## SUPPLIED DATA
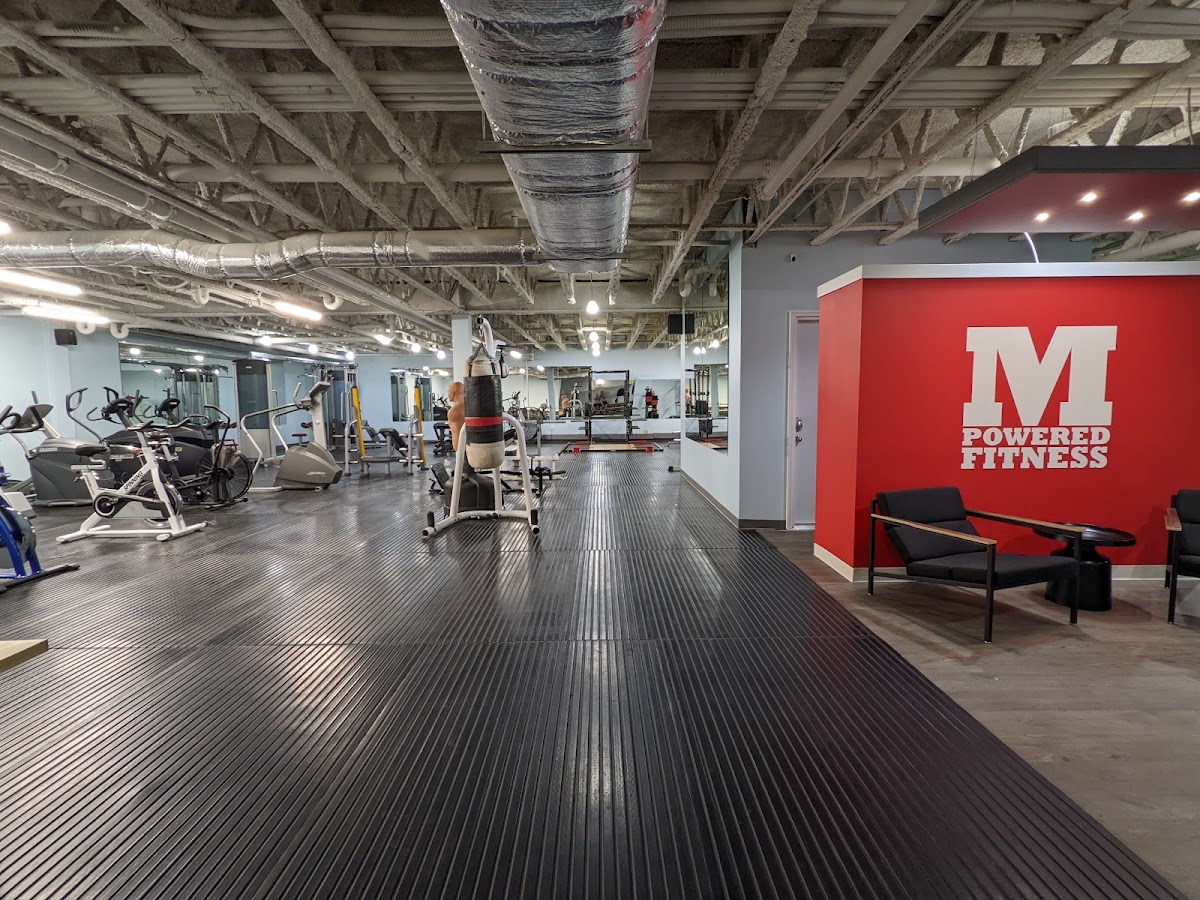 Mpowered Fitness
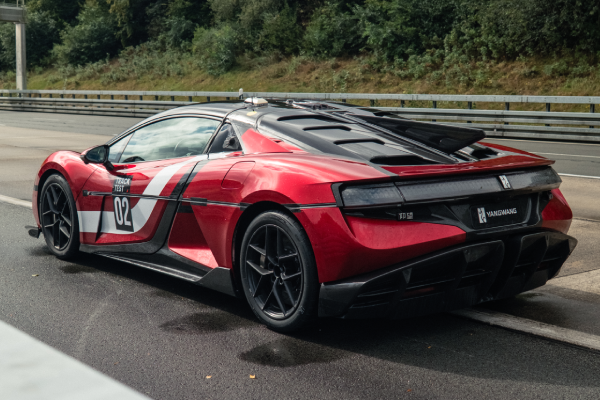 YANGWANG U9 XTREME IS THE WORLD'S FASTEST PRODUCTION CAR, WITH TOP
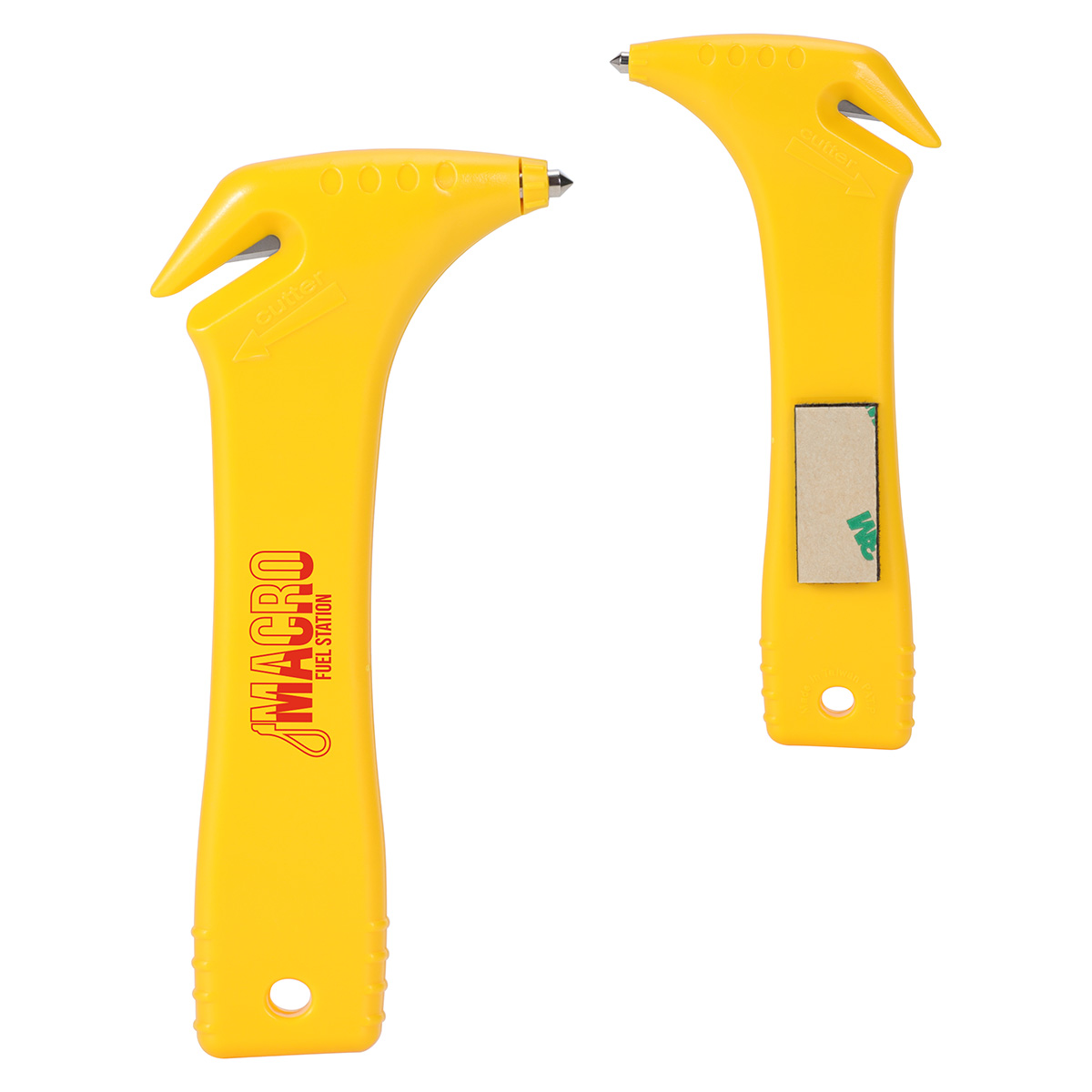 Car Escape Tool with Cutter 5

## YOUR GOAL
With images omitted, output the data exactly as given.

## SOLUTION FOR THIS PROBLEM
 Mpowered Fitness
 YANGWANG U9 XTREME IS THE WORLD'S FASTEST PRODUCTION CAR, WITH TOP
 Car Escape Tool with Cutter 5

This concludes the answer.